Per reports, the gist conversation? “Lots of F-bombs,” Puck News reported as one attendee’s recollection. Another said, “Picture Graham on his worst TV day.” Graham allegedly addressed Frederiksen as “little lady” and, according to Berlingske’s reporting, yawned directly in Nielsen’s face in a way those present read as deliberate mockery.
Frederiksen did not flinch (And that reads quite accurately from the times I have met her). Per sources cited in these outlets, she waited until Graham was done and then told him: “When you’re done with that, the meeting can continue.”
The angry pushback came, unexpectedly, from within Graham’s own party. Republican Senator Thom Tillis (who is not standing in the upcoming mid-term elections in the U.S.) responded publicly to Graham’s now much circulated Politico quip that “who gives a s*** who owns Greenland.” Tillis did not let it pass: “The 55,000 indigenous people of Greenland give a s*** about who owns Greenland. And at the end of the day, we need to show them respect.”
That same afternoon, Frederiksen stood before the conference cameras and delivered her answer to both the private insult and the broader pressure campaign. When asked whether tensions over Greenland had eased, her flat response?
“No, unfortunately not. I think the desire from the US President is exactly the same.” She added, “no price can be set for any other sovereign territory. This is a matter of basic democratic values.”
But by then, the Americans had moved on. Rubio was already on his way to Budapest.
What Was Rubio Up To?
His post-Munich itinerary said more than the speech had. He flew first to Bratislava to meet Robert Fico. Slovakia’s pro-Moscow prime minister has blocked EU weapons packages for Ukraine.

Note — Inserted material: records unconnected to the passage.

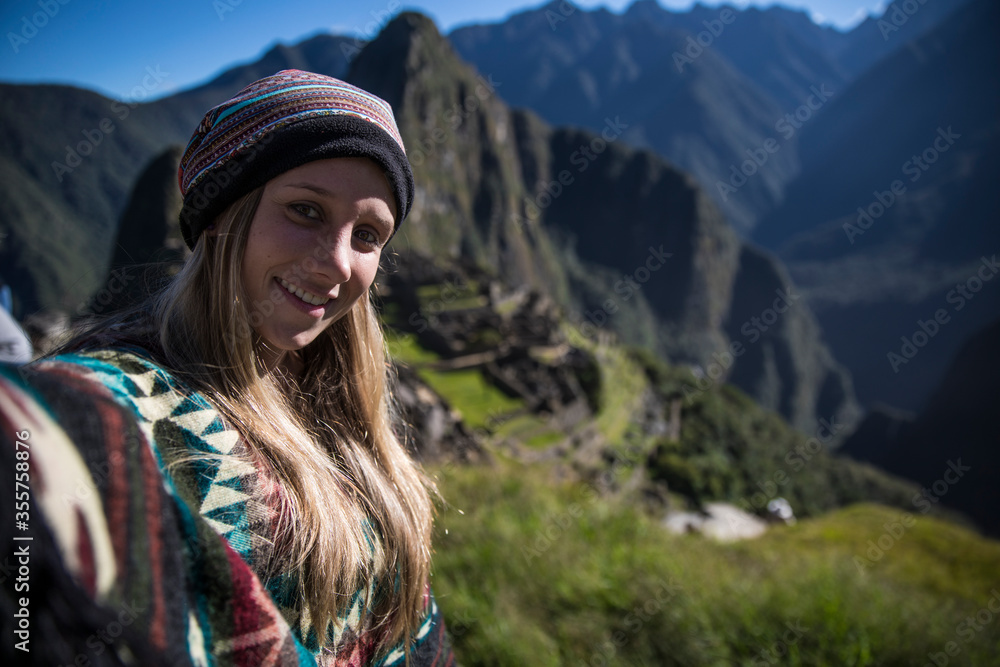 Blonde young woman smiling at the camera in machu picchu in a selfie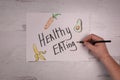 Healthy eating sign with doodles of diet snack foods real hand holding pencil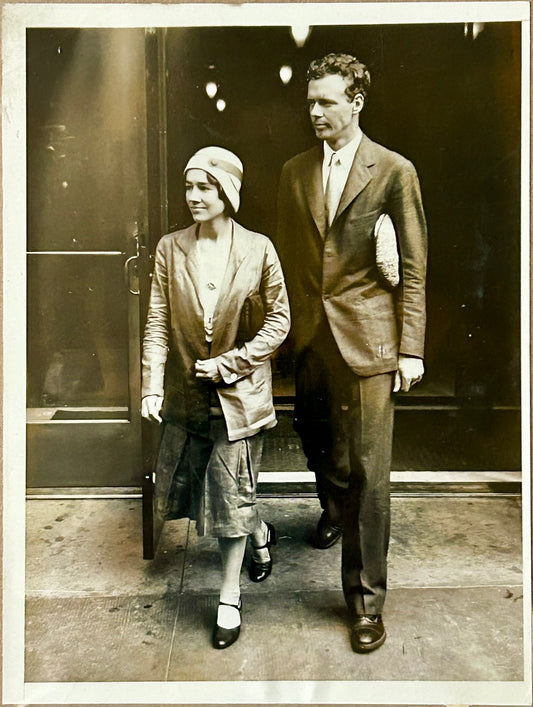 CHARLES LINDBERGH AND HIS WIFE NEWS PHOTOGRAPH OF THEM TWO MONTHS AFTER THE BIRTH OF THEIR SON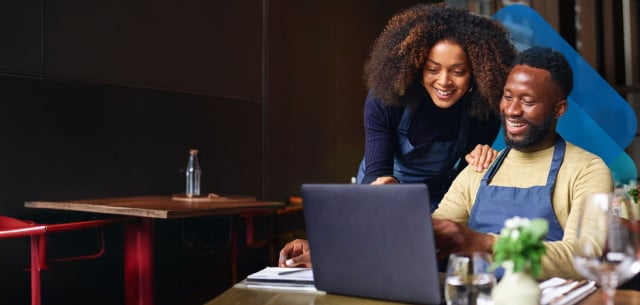 Business owners using Paychex Flex to run payroll and HR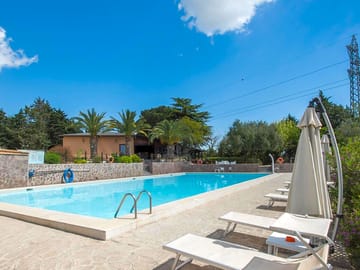 Swimming pool with sun loungers and umbrellas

Then off he went to Budapest, where Viktor Orbán faces a serious electoral challenge from opposition leader Péter Magyar in April. “President Trump is deeply committed to your success because your success is our success,” Rubio told Orbán at their joint press conference.
The parallel story unfolding at Munich itself was almost comedic. While Rubio was in Budapest, Magyar was in Munich meeting Polish Prime Minister Donald Tusk on the Munich conference sidelines, alongside his candidate for the future foreign minister: a woman named Anita Orbán. No relation.
Magyar introduced her to Tusk with a dry smile: “This is Anita Orbán, it’s just a coincidence.” Tusk replied: “And my name is Donald.”
Then there was Giorgia Meloni, conspicuously absent from Munich, navigating her own path. To Trump’s Board of Peace, launched at Davos on January 22, with Trump named chairman for life and permanent membership priced at $1 billion. It presented Italy with a constitutional problem if they wanted to join (unlike other EU nations who show signs).
Meloni then cited Article 11 of the Italian Constitution, which permits sovereignty transfers only under conditions of equality among states. She asked Trump to restructure the board. He declined. So on February 15 she found a loophole allowing her to announce Italy would attend the Board of Peace as an observer. Present enough to please Trump, distant enough (just barely) to satisfy her government’s lawyers.
As she did, On Marienplatz, the giant inflatables labelled tyrants swayed gently in the February wind, ready to be dismantled. Inside the conference venue the world’s most powerful diplomats who had given them a standing ovation, packed to return home. But the women who chose to be in that venue, seemed to know exactly which side they are on as they returned to their offices.
My grandfather would have recognised each of them, for what they truly stand for, in 2026.
The 62nd Munich Security Conference ran February 13–15, 2026.
Italy attended Trump’s inaugural Board of Peace meeting as an observer on February 19, 2026.